En cambio, poco se sabe de los que poco trabajan y mucho tienen, más allá de las frivolidades de la prensa del corazón, que consumen aquellos y aquellas con aspiraciones infundadas. Compran la discrecionalidad, el secretismo. Poco sabemos de sus patrimonios, de sus privilegios, de sus codicias insaciables, de su avaricia y de su crueldad y amoralidad para tener lo que tienen y llegar donde han llegado. También sus múltiples posibilidades, su derecho a errar. Su falta de empatía y que no importe en su currículo. Su capacidad para digerir ser alguien por ser hijo o hija de otro u otra. Más allá de la trivialidad de sus vidas, saber la razón de la distancia, qué méritos han acumulado para gozar de una vida mejor. Todo eso aceptando que injusto también es analizarlos en conjunto, sin especificidades.
Dicho secretismo desactiva al pueblo, incapaz de saber de dónde le vienen los guantazos. El 10% de los españoles más ricos concentra más de la mitad de la riqueza del país, mientras el 50% de los hogares apenas alcanza el 8%.
Douglas Rushkoff llegó a la conclusión en su libro La supervivencia de los más ricos que los magnates americanos vinculados a la tecnología (como Elon Musk) están bajo la influencia de la Mentalidad, una certeza al estilo de Silicon Valley de que ellos y su cohorte pueden romper las leyes de la física, la economía y la moral para escapar de un desastre de su propia creación, siempre y cuando tengan suficiente dinero y la tecnología adecuada. Ahora, los multimillonarios rodean a Trump y él (también acaudalado) no duda ya, una vez en el poder, en evidenciar para quien gobierna. Mientras, el pueblo aspira a llegar ahí, sin percibir la mayoría de las veces que esos ricos ya lo eran hace décadas y que es más importante la herencia que la valía intelectual y el trabajo incansable.

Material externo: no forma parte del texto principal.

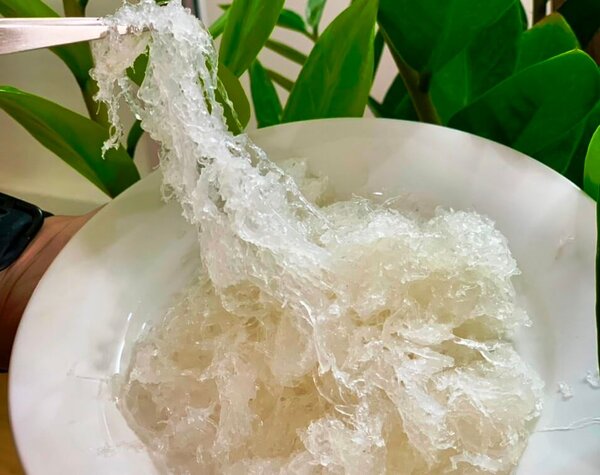 Nhặt lông yến để món ăn thêm ngon.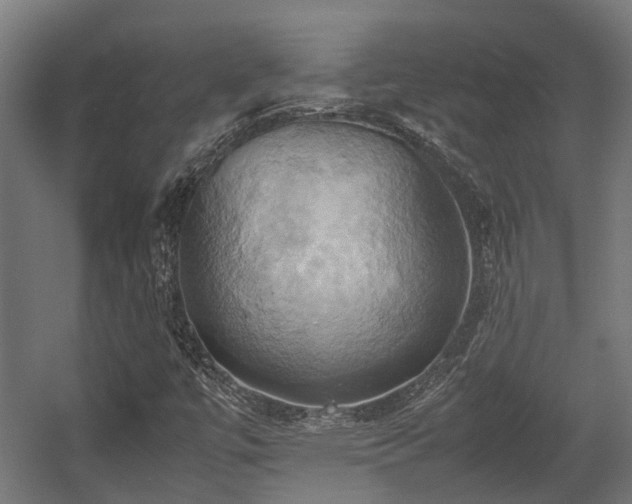 X0000057581447200509191438
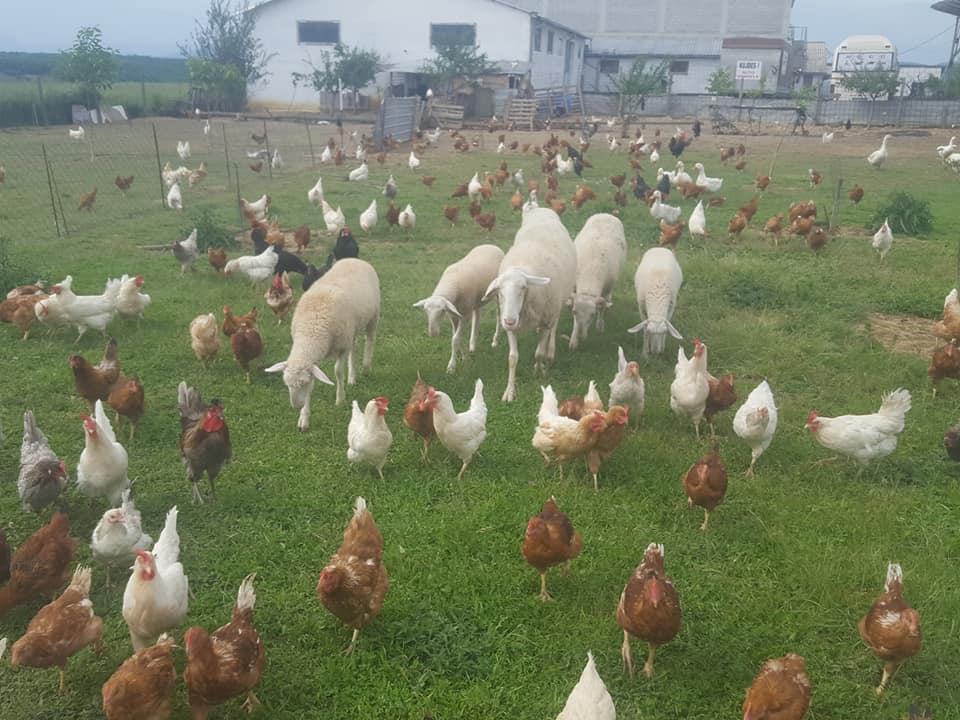 Barnatore Bujqesore... - Barnatore Bujqesore Grapeland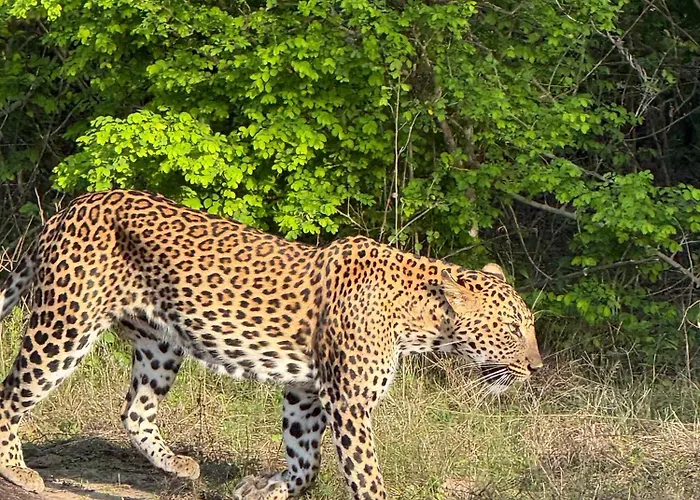 Nehansa Resort And Safari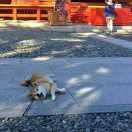 Ink_peng的个人资料头像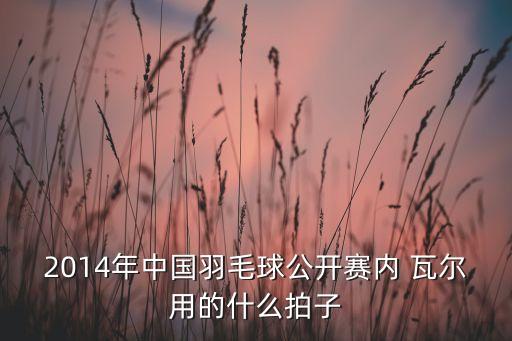 2014年中國(guó)羽毛球公開賽內(nèi) 瓦爾用的什么拍子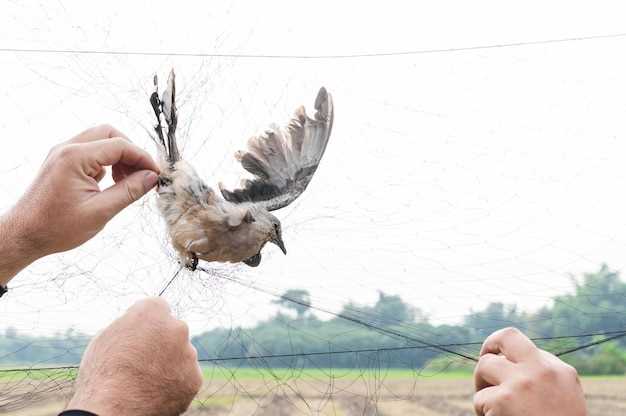 Relâcher un oiseau en rêve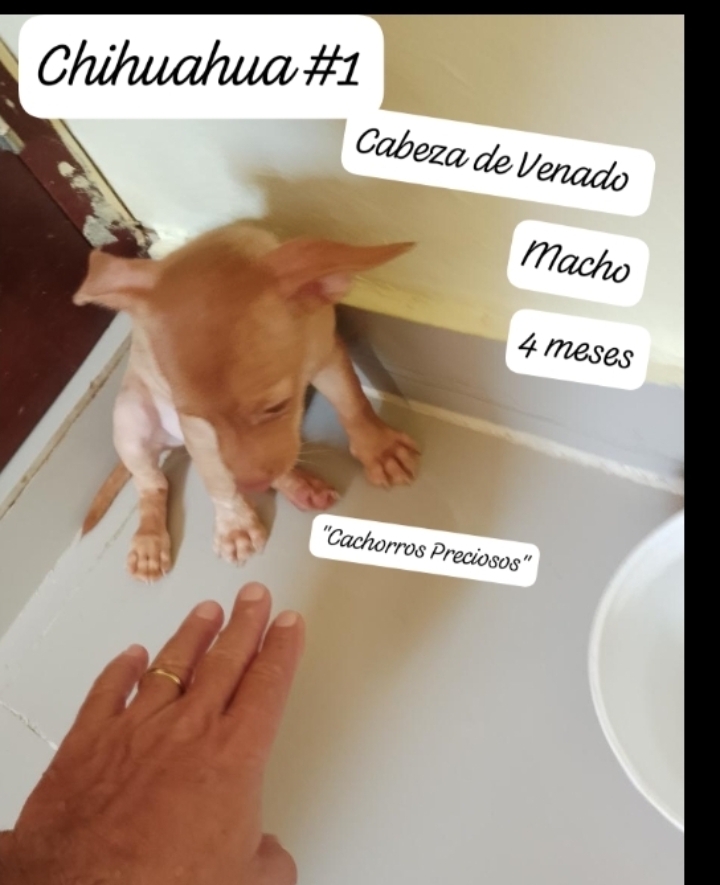 animales y mascotas - Chihuahua Cabeza de Venado Mini 1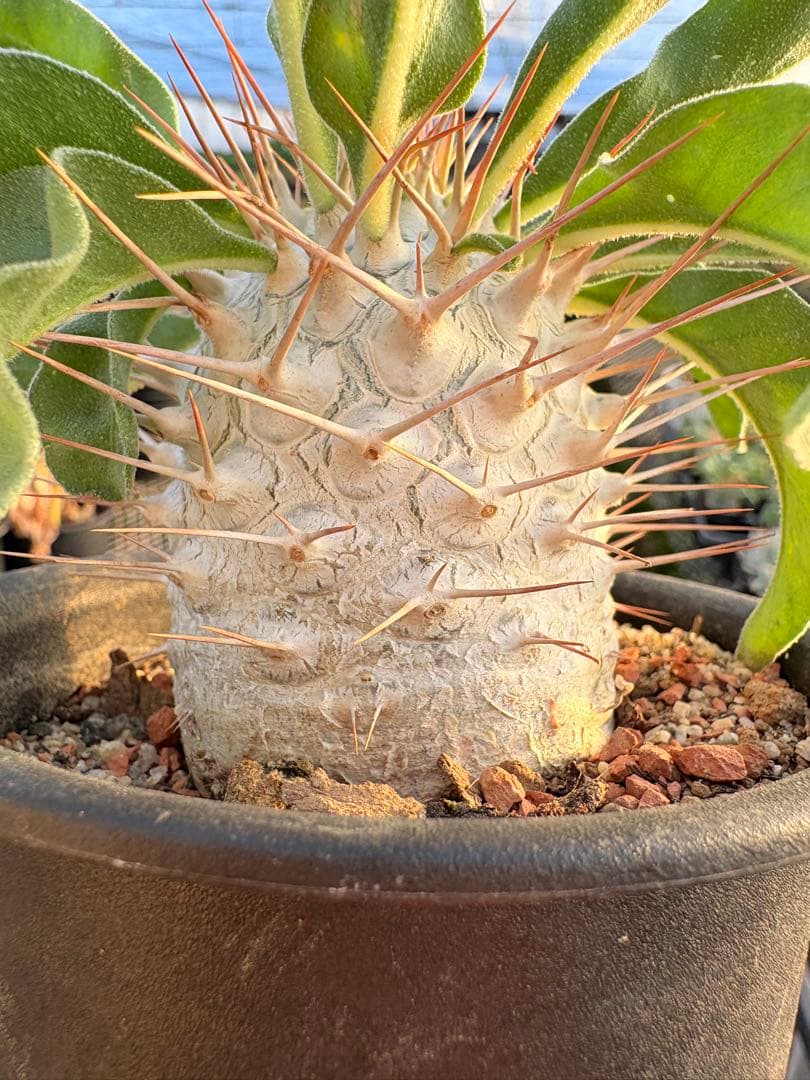 パキポディウム ナマクアナム 光堂　国内実生　美株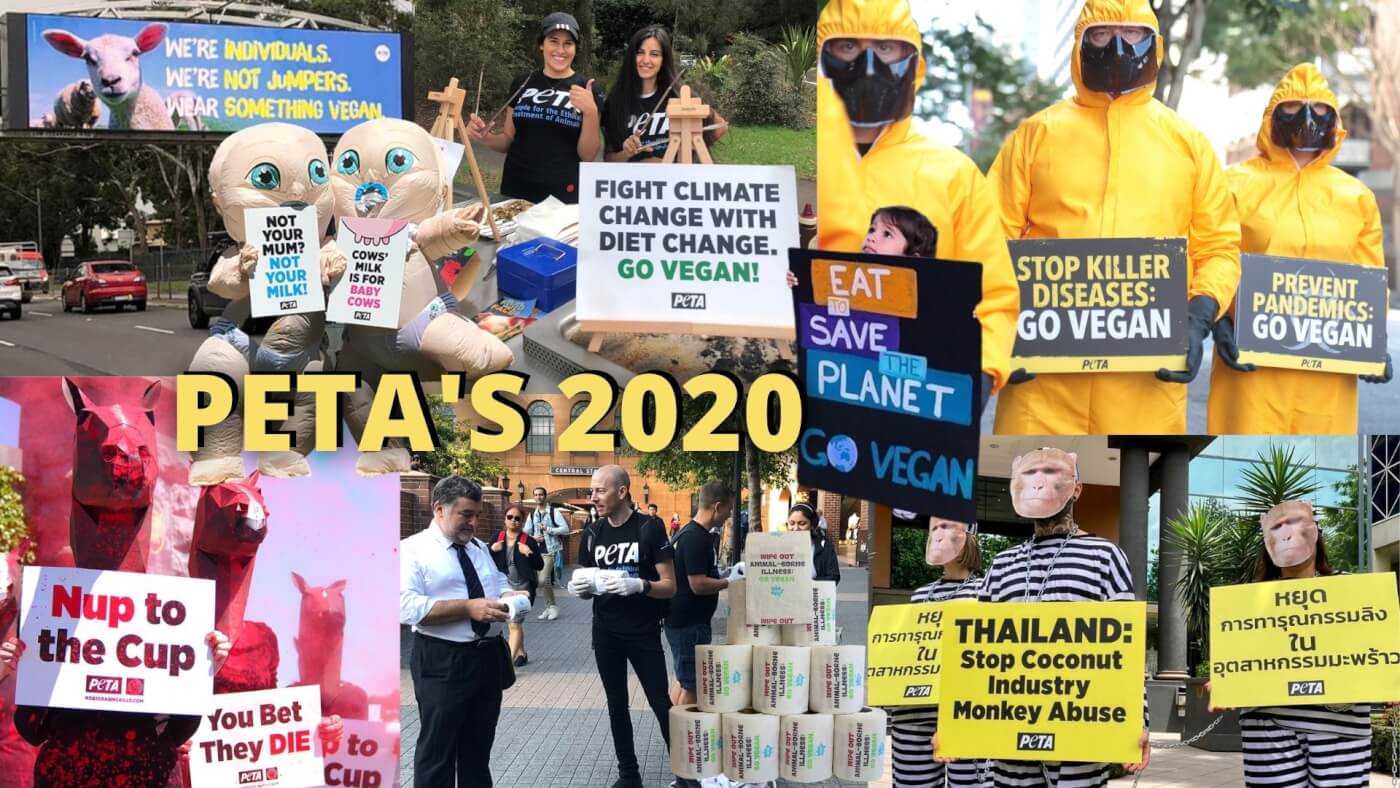 PETA’s 2020: How You Helped Us Help Animals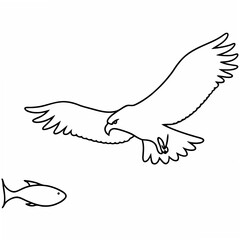 Vector illustration of a soaring eagle hunting a fish with clean black outlines on a white background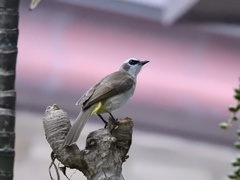 Pycnonotus goiavier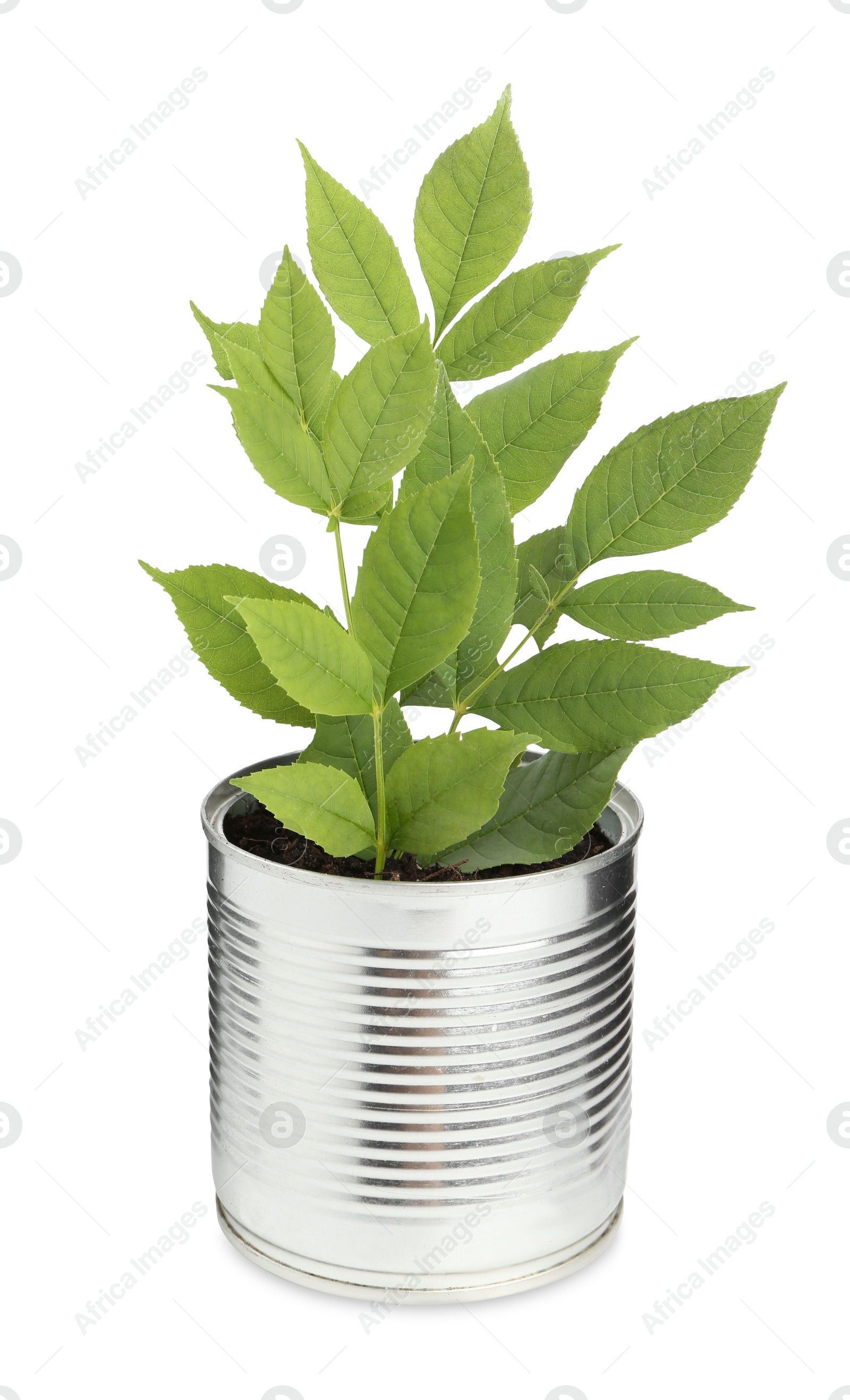 Photo of Recycling concept. Metal can with plant isolated on white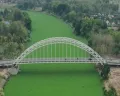 Sungai Bengawan Solo di Bojonegoro Penuh Enceng Gondok, Terlihat Indah tapi Berbahaya
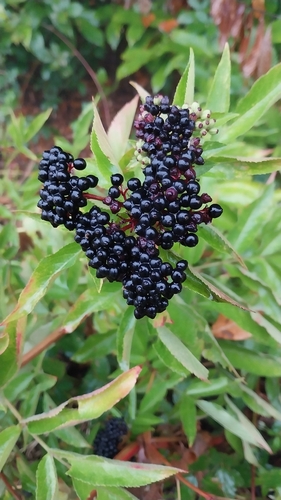 Dwarf Elder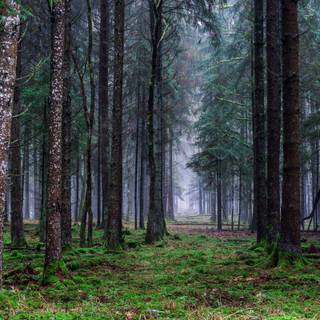 Spring pine wood wallpaper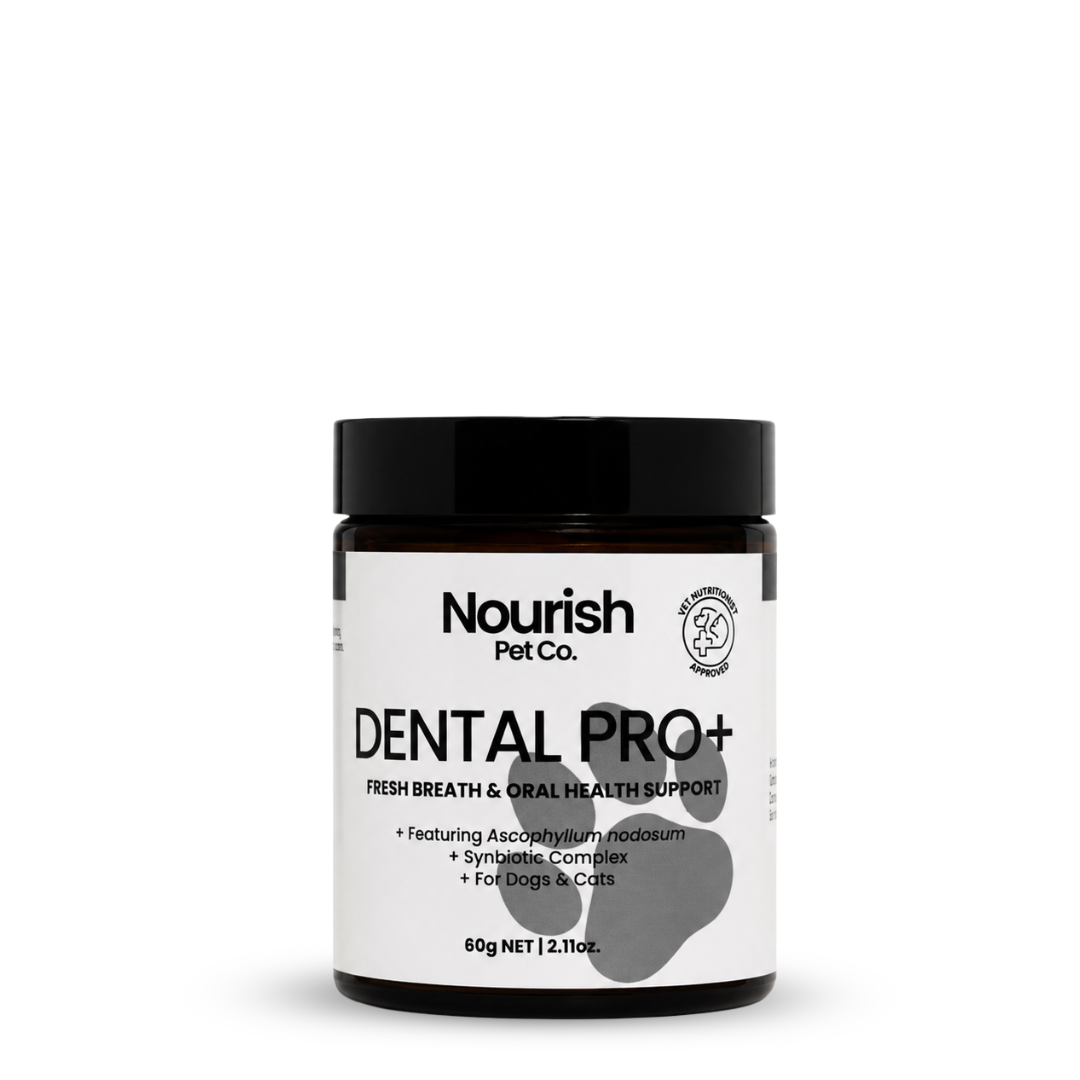 Dental Care Powder product image 1
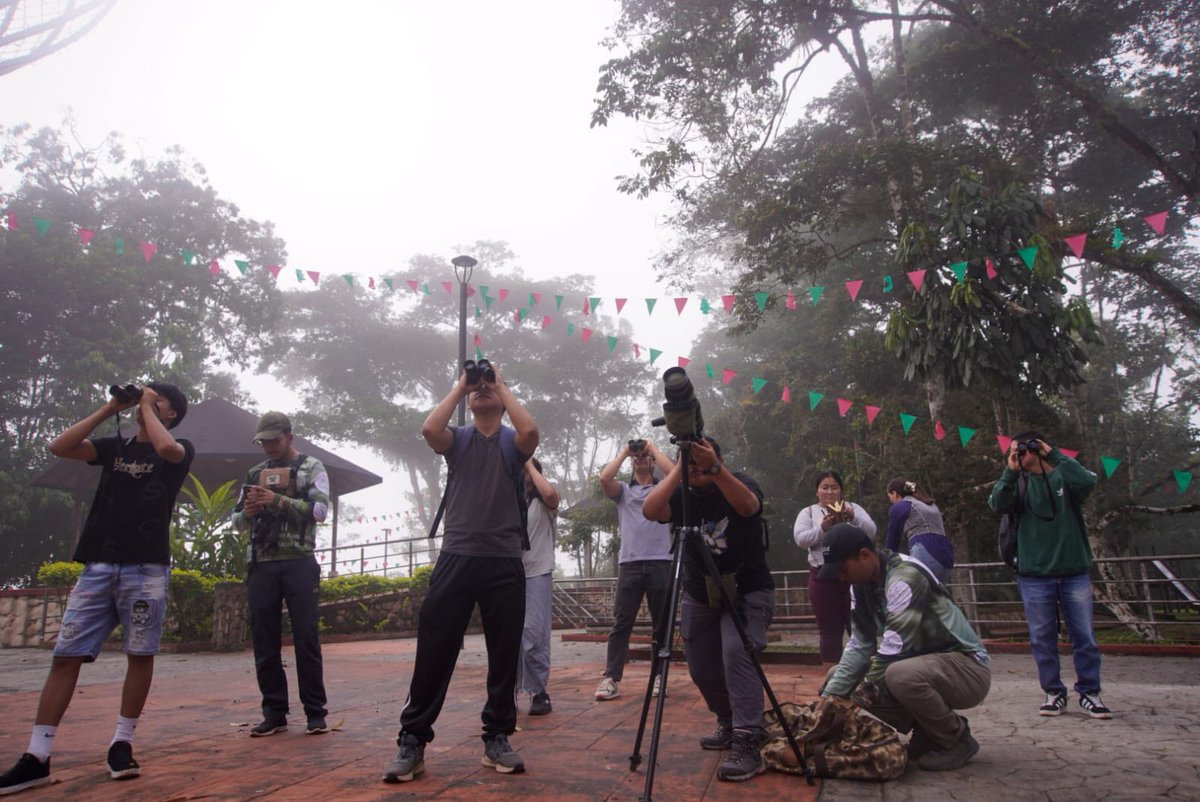 #MoronaSantiago | Macas a favor de las aves urbanas y del medio ambiente

AUDIO ► acortar.link/XEkRAg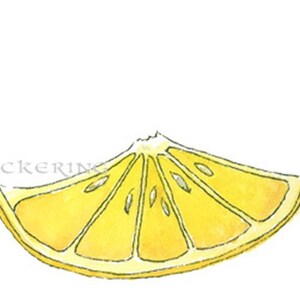 Pode incluir: Uma fatia de lim&atilde;o amarela com cinco segmentos, pintada em estilo aquarela.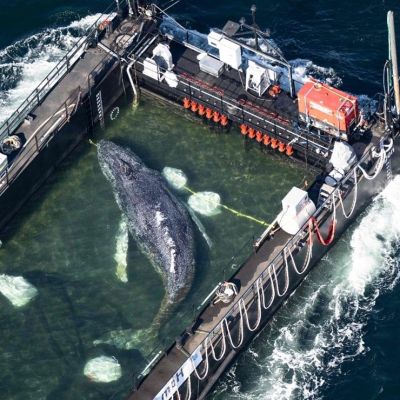 Restos-de-la-ballena-Timmy-seran-procesados-la-grasa-podria-convertirse-en-biocombustible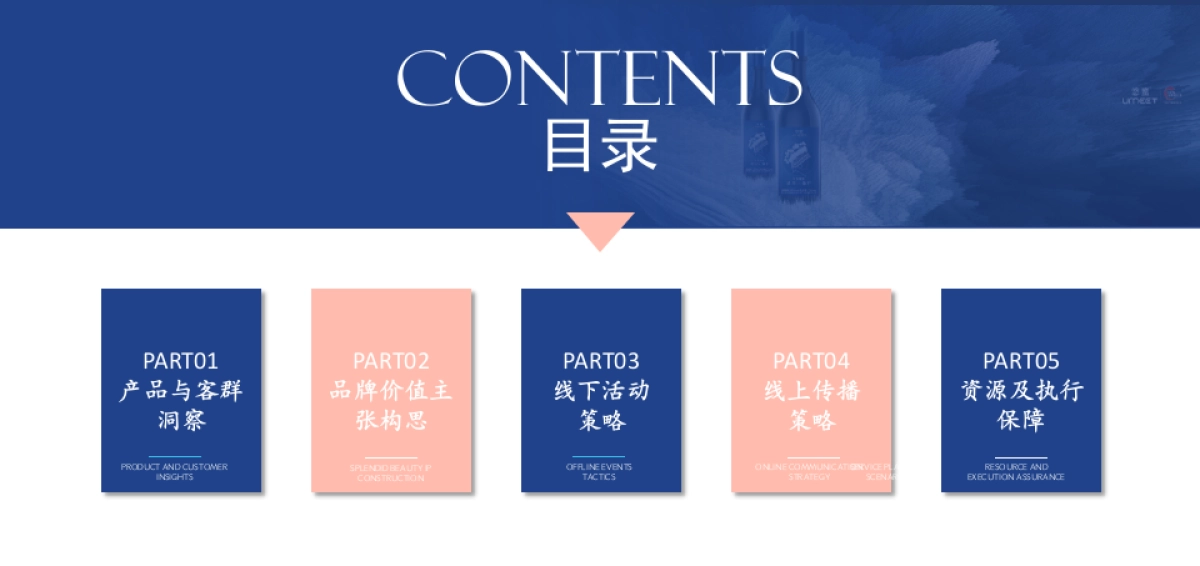 茅台蓝莓果酒品牌年度推广策略提案_第2页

El mundo se mueve lento. Encuentro un extraño placer entre los papeles escritos hace décadas. Rastreo en un periódico de 1919: “Comparados los tiempos actuales con aquellos otros de muy distinta organización social y muy otras ideas dominantes que las presentes, no puede menos de reconocerse que son mucho mayores las dificultades que un noble ha de vencer ahora para mantenerse en el alto lugar que le corresponde y merecer el respeto y aprecio generales”.
"No puedes quererlos, eres demasiado distinta", espeta el vanidoso pequeñoburgués a Lesur en el libro de Ernaux. Se refiere a sus padres. Engreído, desagradecido. Cuando tus referentes pasan a ser ricos sin moral escupes sobre el trabajo de tus padres. Tenemos un sistema económico diseñado para que la mayoría sobreviva y que solo una minoría pueda vivir como quiere, defiende la socióloga brasileña Sabrina Fernandes.
Dice Cortázar: “Por qué lloras, Persio, por qué lloras; con cosas así se enciende a veces el fuego, de tanta miseria crece el canto; cuando los muñecos muerdan su último puñado de ceniza, quizá nazca un hombre. Quizá ya ha nacido y no lo ves”. Si el tema de debate ciudadano (y con ello, político) fuese la distancia entre ricos y pobres quizá otro gallo cantaría.